«Не остров, а земля обетованная, – поморщился Скорцени. – Здесь каждый, кому не лень, считает своим священным долгом поучать тебя. Хотя… что тебя возмущает? Этого следовало ожидать. Когда не поучаешь ты, начинают поучать тебя – обычная житейская логика».
75
75
– К вам пришли, пан полковник, – седые волосы покрывали не только голову и лицо этого галицийца, но и всю его некогда могучую гренадерскую грудь. Вышитая малиновой гладью сорочка покоилась на ковре жесткой седины, странно гармонирующей с белым одеянием старика и бесцветно белесыми глазами.
Второй день Курбатов присматривался к нему, и каждый раз Газда представал в облике некоего ожившего карпатского пророка.
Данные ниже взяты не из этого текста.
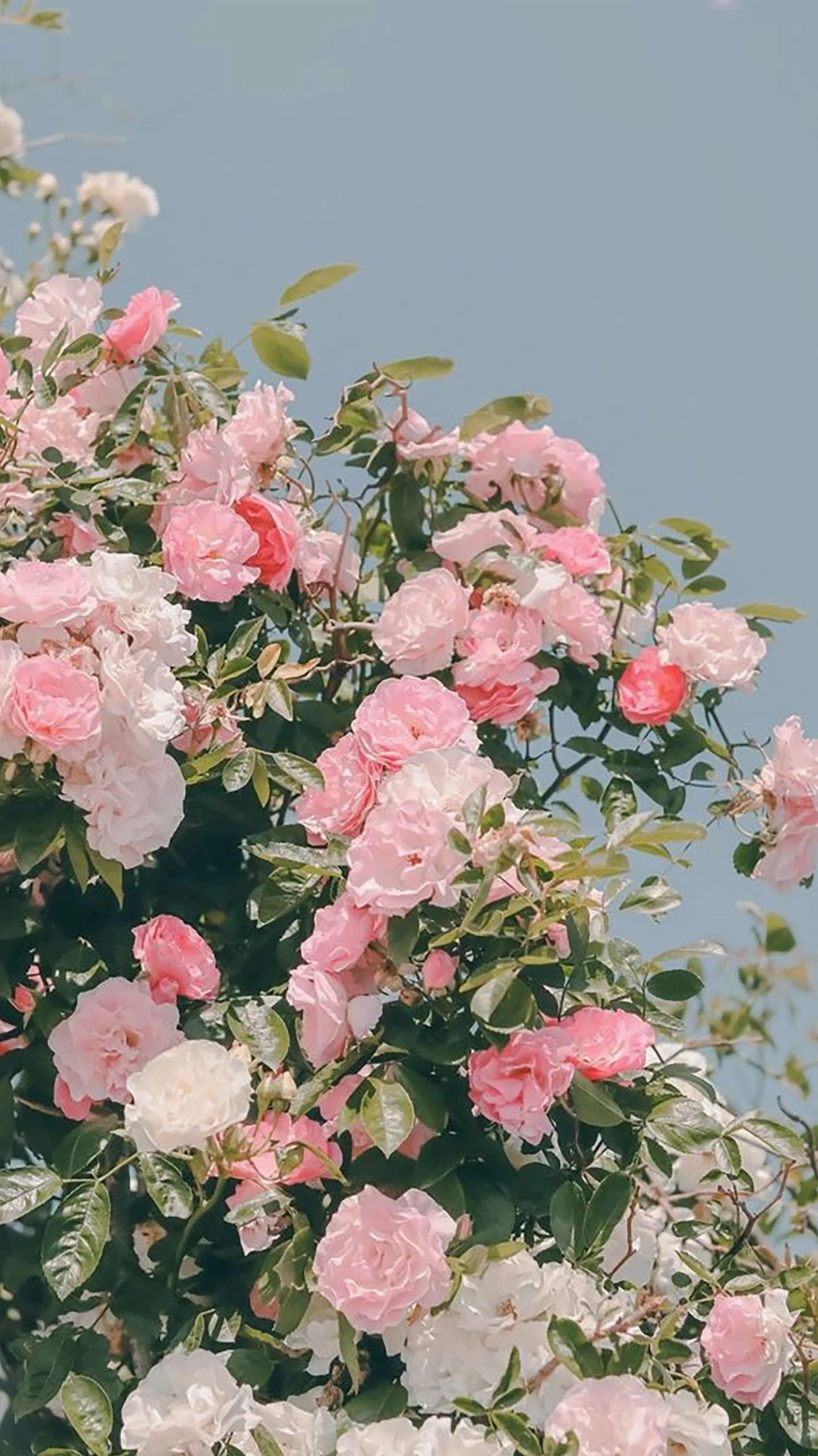 ảnh cánh đồng hoa đẹp mẫu đơn hồng tươi tắn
– Кто здесь мог прийти ко мне, старик?
– Из долины. Крестьянин, – объяснил на дичайшей смеси украинских, польских и русских слов. – Справный газда.
Курбатов уже знал, что «газда» означает «хозяин». Но он дважды спрашивал самого хозяина этого затерявшегося в карпатских лесных предгорьях хуторка, как его зовут, и дважды старик с гордостью отвечал: «Газда. Я всю жизнь мечтал, чтобы меня называли газдой. Вот мой дом, вот мои горы. А на склоне – мое поле. Пусть теперь кто-то скажет, что я не газда».
– Так чего они хотят?
– Чтобы твои люди избавили их от банды Ордаша.
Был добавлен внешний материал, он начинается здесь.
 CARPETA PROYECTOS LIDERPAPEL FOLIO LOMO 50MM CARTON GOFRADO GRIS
– Ордаша? Слышал. Но я не могу сражаться против всех сразу, Газда. Для одних националисты – освободители, для других – бандиты. Разбирайтесь тут без меня.
– Мы здесь проездом, Газда, – добавил Власевич. – К тому же безбилетчики.
– Отряд Ордаша – страшнее любой банды, – спокойно объяснил Газда. – Оуновцы сражаются, чтобы Украина стала независимой от москаля и коммуняк. Москали сражаются, чтобы Украина вечно оставалась под Россией и при коммунистах. А ордашевцы – энкавэдисты, которые выдают себя за оуновцев. Все свое варварство они творят, как подлые иуды.
– Так они действительно энкавэдисты? – сразу же изменил тон Курбатов. – Потому и зверствуют?
– Чтобы народ потом оуновцев проклинал. Хотя они тоже не ангелы, у них своих грехов – страшных да неискупимых…
– С этого нужно было начинать, Газда, – проворчал Курбатов. – Подъем! – скомандовал он своим легионерам. – Я-то считал, что свой последний бой на Украине мы дали три дня назад. Однако Богу или дьяволу было угодно, чтобы мы здесь немного задержались.
К дому горец не подошел. Предусмотрительно остался у скалы, нависающей над тропой, словно последний страж.
– Газда уже сказал тебе все, что ты должен знать. – Гонец деревенской общины оказался человеком лет шестидесяти, почти карликового роста; белые штаны его были пошиты из грубого домотканого полотна, гимнастерка явно принадлежала когда-то испанцу или итальянцу, а ботинки оставались откровенно немецкими. – Считайте, что мне нечего добавить, пан полковник. – Подполковника Газда в нем так и не признал, поэтому гонец тоже называл полковником.